Synthesis is about creating something new out of existing elements. The traditional “research paper” is a synthesis. When you synthesize ideas from various sources, you’re adding your unique voice and perspective to a scholarly conversation. Just as participants in a discussion build on and respond to each other’s points, academic writing involves engaging with and responding to what others have already said.
Whenever you are asked to research a topic and then write a paper about it, you will need to engage in synthesis. You will first read multiple texts on the topic and evaluate those texts to determine first, which ones are relevant and credible, and second, which ideas from the high-quality sources are useful or significant. Then, you will use those ideas to inform your own perspective on the topic. Finally, you will write an essay in which you explain and defend your perspective, referring to those sources and your evaluation of them as support. Note how this is different from a “report” that just draws from various sources and summarizes the information found in them; instead, it’s a type of argument because you are trying to support your own perspective.
This process is different from what many students actually do when confronted with an assignment to write a research paper or a research-supported argument. True synthesis is hard! To avoid it, many students will instead decide in advance what their perspective on the topic is, then skim through texts to find quotes and evidence to support that perspective. The end product may look similar to an essay in which synthesis actually happened. Although we can’t necessarily stop you from engaging in this kind of “pseudo-synthesis,” keep in mind that (1) your instructor will probably be able to tell because your argument is likely to be shallow and ill-informed, and (2) you’re depriving yourself of an opportunity to practice skills that you won’t be able to fake as you progress in your academic career.
Your Synthesis Question
Like all academic writing projects, underlying a synthesis is a question; in this case, the synthesis question is one that invites various perspectives and allows you, as the writer, to critically evaluate these perspectives as you develop your own.
A good synthesis question won’t have an obvious or straightforward answer.

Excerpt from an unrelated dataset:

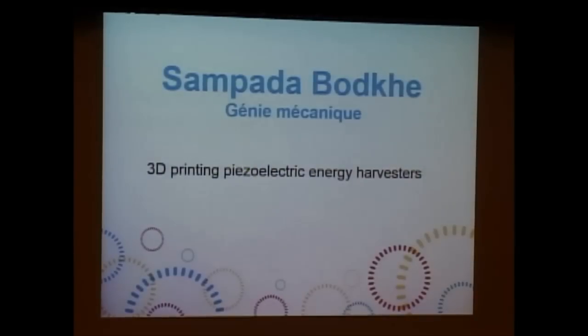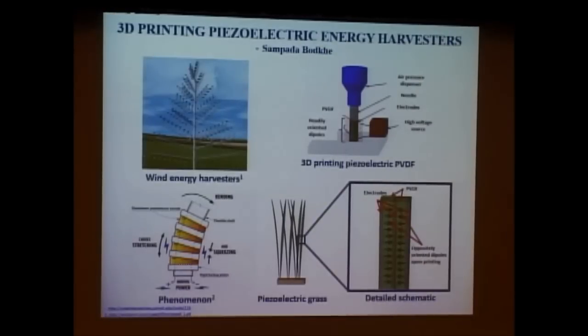Ms. Sampada Bodke, and the title of her thesis is '3D Printing Piezoelectric Energy Harvesters' under thesis advisors Daniel Therrioux and Frédéric Gosselin. Good afternoon, everyone.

Instead, it should invite multiple possible answers, each of which could be potentially supported with evidence and logic, but none of which is certain with the information available to us now. Thus, a question like, “Is smoking cigarettes harmful to your health?” wouldn’t be a strong synthesis question because the answer has already been pretty successfully shown to be “Yes.” However, a question like “Should cigarettes be banned?” would work as a synthesis question because, although people can support their positions with evidence and logic, the “correct” answer is still wide open for debate.

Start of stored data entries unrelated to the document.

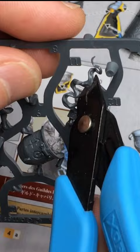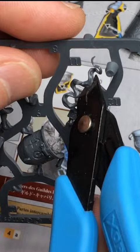Hello there! We've put together a video showcasing the process of assembling and crafting a nice base for our Cities of Sigmar Alchemite Warforger.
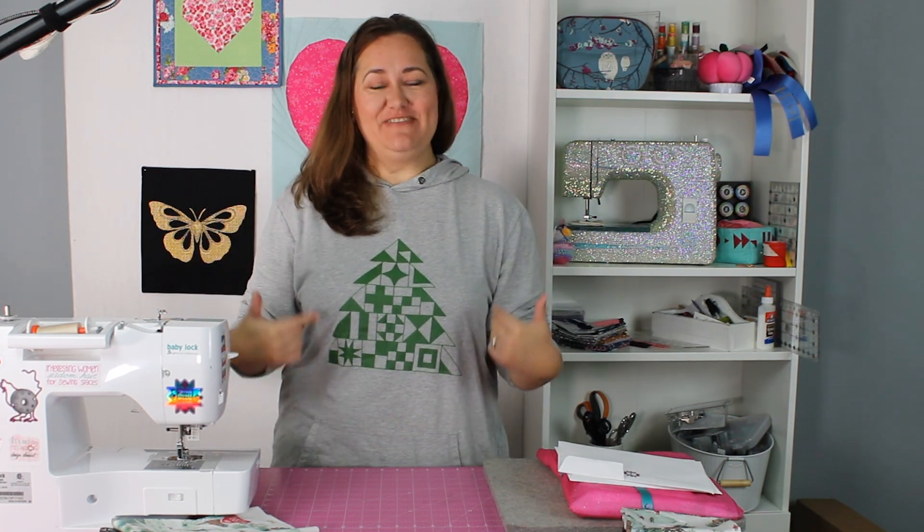Hey there quilting friends, it's Carolina Moore, your favorite sewing and quilting YouTuber. It is September, I am here in my Christmas shirt, and that can mean only one thing — it is time for the 2023 advent calendar launch! Y'all ready? Let's get into this.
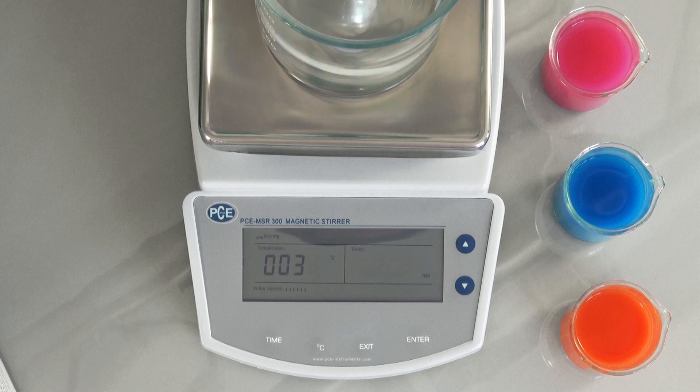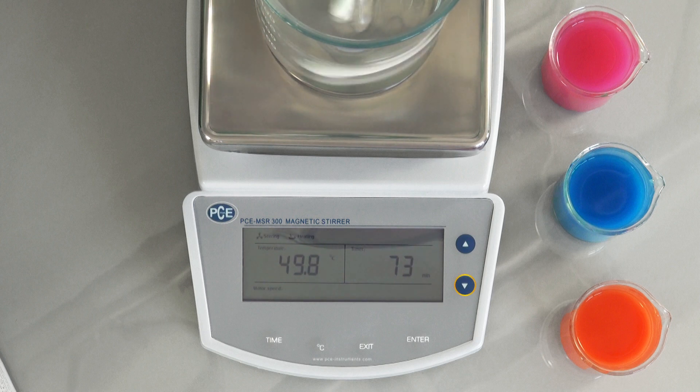By pressing the arrow keys longer it is possible to set the degrees in 10-degree steps. To confirm these settings, press the enter key. When the heating function is active, the heating symbol is shown at the top of the display. The heating plate can be used independently from the stirring function.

Example Synthesis Questions
Synthesis questions underlie the major topics of interest in all kinds of disciplines. As noted in Ch. 1, academic writing assumes an audience that is educated about a topic, so people usually don’t bother writing about topics where the answers have already been settled. Instead, they focus on questions where debate still exists. These questions often require the integration of multiple perspectives, theories, or data sources to develop a comprehensive argument. They challenge the synthesis writer to think critically, analyze complex information, and draw connections between different ideas or fields of study. Synthesis questions are not merely about recalling facts, but about evaluating, interpreting, and combining information to create new insights or solutions. They reflect the dynamic nature of academic inquiry, where knowledge is constantly evolving and being refined through debate and research. The following examples from various disciplines illustrate the depth and complexity of synthesis questions across different fields of study:
- History: What were the primary causes of the American Civil War?
- Philosophy: Do human beings have free will, and what does this mean about our moral obligations?
- Psychology: How much do genetic versus environmental factors influence human behavior and mental health, and how should we act on this information?
- Literature: How is the concept of the American Dream portrayed across various 20th century American novels and plays?
- Political Science: What should be done to improve voter participation in the United States?
- Sociology: What factors contribute to the racial wealth gap in the United States, and how should this gap be addressed?
- Interdisciplinary: What is the most effective way for governments to increase climate change awareness and motivate action by citizens?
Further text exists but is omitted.